- [Work required]: Each line in the records below, from the one that contains "Vidaxl Kinderspielhaus Vurenhout Green" to the one that contains "Teknum Double Baby Stroller - Khaki", should be reproduced exactly, the first and last included.

------ Given records

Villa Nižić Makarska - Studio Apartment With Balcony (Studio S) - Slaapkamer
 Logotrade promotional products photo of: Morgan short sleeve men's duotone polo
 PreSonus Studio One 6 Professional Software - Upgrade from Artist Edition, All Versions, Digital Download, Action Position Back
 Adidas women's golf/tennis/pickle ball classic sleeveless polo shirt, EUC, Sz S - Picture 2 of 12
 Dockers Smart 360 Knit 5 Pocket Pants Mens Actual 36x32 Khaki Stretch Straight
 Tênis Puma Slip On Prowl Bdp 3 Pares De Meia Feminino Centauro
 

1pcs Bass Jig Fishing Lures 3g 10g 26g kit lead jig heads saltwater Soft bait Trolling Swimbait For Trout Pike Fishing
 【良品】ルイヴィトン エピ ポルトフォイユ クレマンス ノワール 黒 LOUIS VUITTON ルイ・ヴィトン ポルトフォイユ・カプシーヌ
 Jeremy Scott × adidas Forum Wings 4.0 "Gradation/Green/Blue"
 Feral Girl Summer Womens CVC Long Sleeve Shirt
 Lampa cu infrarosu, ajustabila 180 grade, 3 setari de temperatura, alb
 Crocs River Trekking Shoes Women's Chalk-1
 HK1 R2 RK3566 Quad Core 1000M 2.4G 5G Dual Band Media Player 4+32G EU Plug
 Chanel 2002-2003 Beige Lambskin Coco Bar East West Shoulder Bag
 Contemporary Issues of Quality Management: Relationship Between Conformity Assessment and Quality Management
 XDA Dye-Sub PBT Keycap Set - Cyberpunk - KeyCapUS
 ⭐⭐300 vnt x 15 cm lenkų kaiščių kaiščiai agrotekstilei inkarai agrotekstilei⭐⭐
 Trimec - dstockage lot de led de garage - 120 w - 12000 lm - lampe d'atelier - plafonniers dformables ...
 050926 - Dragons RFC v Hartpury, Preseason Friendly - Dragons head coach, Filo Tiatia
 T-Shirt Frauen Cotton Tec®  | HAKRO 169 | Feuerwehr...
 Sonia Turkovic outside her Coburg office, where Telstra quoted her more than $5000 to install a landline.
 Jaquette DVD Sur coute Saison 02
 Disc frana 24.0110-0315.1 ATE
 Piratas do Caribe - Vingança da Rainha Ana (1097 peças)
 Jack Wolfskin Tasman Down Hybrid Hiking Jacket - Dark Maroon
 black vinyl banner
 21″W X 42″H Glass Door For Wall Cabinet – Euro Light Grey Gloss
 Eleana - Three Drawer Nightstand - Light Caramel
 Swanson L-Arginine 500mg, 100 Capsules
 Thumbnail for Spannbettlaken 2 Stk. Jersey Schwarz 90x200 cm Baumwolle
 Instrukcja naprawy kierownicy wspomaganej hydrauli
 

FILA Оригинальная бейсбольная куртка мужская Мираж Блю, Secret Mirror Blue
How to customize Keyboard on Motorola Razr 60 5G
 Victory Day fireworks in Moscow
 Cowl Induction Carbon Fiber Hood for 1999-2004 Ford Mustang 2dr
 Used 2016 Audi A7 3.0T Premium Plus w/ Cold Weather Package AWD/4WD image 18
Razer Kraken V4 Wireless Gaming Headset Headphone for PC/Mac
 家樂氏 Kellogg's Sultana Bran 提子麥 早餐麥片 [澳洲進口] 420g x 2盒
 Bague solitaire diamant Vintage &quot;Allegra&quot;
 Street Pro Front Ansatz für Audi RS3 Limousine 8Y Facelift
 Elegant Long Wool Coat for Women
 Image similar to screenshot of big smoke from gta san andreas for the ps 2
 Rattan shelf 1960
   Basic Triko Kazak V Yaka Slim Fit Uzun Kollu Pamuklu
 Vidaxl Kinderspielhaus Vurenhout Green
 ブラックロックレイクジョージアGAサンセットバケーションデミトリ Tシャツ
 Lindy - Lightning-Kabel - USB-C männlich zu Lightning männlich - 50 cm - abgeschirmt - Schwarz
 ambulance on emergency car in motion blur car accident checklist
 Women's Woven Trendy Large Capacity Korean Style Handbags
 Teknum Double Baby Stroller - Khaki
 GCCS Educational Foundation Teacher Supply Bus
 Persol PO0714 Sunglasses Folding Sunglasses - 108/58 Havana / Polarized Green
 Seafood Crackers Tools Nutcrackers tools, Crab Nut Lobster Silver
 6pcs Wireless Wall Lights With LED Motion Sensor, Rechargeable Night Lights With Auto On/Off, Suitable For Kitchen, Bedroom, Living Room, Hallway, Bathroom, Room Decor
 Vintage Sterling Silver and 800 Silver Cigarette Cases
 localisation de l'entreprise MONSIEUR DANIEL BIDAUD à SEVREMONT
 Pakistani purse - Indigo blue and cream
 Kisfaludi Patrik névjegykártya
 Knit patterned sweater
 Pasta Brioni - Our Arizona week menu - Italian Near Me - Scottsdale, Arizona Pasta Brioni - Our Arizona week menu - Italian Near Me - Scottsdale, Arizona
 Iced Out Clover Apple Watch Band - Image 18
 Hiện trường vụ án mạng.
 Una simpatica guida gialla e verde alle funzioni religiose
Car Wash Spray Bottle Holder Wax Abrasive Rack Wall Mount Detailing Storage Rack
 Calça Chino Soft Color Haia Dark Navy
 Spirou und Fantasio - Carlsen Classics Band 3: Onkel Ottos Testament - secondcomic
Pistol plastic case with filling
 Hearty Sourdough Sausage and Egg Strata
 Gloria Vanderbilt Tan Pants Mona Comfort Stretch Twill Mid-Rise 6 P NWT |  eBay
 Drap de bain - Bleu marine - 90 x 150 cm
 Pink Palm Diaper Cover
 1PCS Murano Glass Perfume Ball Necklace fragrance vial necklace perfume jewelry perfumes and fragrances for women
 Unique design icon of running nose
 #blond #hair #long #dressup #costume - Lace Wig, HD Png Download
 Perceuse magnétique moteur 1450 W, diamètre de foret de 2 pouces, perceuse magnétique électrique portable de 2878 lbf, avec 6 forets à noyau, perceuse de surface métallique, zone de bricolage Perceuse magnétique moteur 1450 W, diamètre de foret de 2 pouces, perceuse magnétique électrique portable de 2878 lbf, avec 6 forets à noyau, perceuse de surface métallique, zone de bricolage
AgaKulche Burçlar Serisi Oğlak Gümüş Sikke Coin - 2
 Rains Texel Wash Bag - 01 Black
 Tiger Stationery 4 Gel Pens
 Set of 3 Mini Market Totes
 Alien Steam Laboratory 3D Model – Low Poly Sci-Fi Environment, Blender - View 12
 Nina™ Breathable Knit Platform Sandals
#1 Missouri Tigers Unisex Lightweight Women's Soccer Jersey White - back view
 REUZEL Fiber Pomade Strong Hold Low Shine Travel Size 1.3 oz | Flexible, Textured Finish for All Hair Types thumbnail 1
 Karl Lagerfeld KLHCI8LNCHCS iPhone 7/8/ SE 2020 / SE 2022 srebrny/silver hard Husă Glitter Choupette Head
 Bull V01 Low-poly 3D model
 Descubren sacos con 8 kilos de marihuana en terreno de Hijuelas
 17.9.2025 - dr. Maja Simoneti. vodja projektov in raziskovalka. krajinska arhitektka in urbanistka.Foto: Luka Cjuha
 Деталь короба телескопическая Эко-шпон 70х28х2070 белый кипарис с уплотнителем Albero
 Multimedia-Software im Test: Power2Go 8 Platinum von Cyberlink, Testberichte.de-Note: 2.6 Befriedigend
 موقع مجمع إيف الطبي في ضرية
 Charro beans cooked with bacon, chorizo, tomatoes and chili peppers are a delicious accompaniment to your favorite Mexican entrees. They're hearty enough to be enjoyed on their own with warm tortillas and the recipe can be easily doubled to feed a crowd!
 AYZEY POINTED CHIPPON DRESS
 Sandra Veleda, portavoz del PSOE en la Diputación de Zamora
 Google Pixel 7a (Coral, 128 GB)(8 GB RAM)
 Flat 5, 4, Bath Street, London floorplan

------------

- [Answer area]:
 Vidaxl Kinderspielhaus Vurenhout Green
 ブラックロックレイクジョージアGAサンセットバケーションデミトリ Tシャツ
 Lindy - Lightning-Kabel - USB-C männlich zu Lightning männlich - 50 cm - abgeschirmt - Schwarz
 ambulance on emergency car in motion blur car accident checklist
 Women's Woven Trendy Large Capacity Korean Style Handbags
 Teknum Double Baby Stroller - Khaki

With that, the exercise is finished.